**Try it**
Would you print the data below exactly, leaving out every picture?

**Information shown**
====================

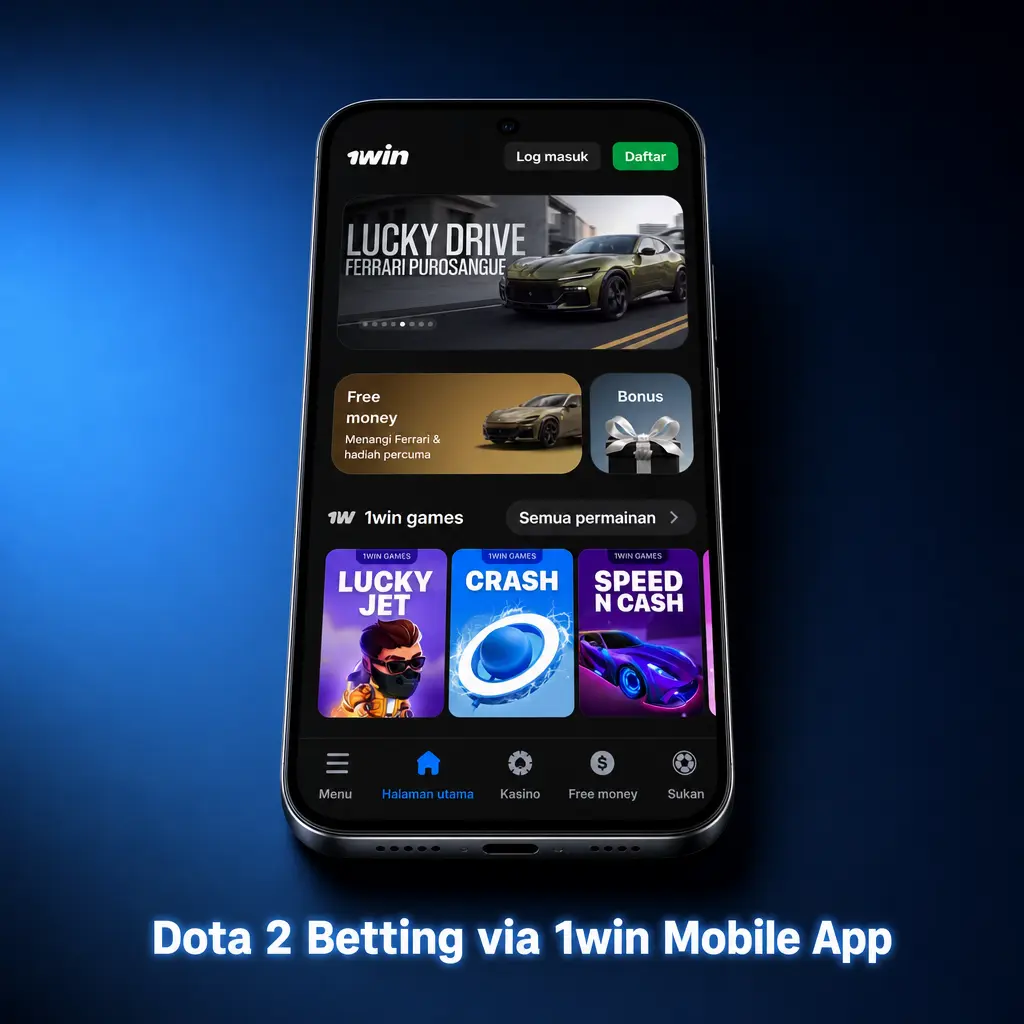 Dota 2 betting on the 1win mobile app showing live odds, streaming, and quick match selection for esports wagers.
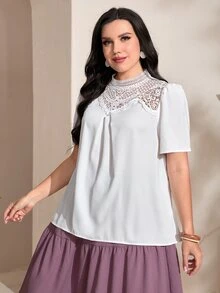 Modelyn Plus Guipure Lace Insert Puff Sleeve Blouse - White - View 2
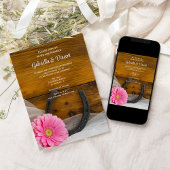 Roze Daisy en Hoefijzer Country Western Weddenscha Kaart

====================

**Exercise response**
 Dota 2 betting on the 1win mobile app showing live odds, streaming, and quick match selection for esports wagers.
 Modelyn Plus Guipure Lace Insert Puff Sleeve Blouse - White - View 2
 Roze Daisy en Hoefijzer Country Western Weddenscha Kaart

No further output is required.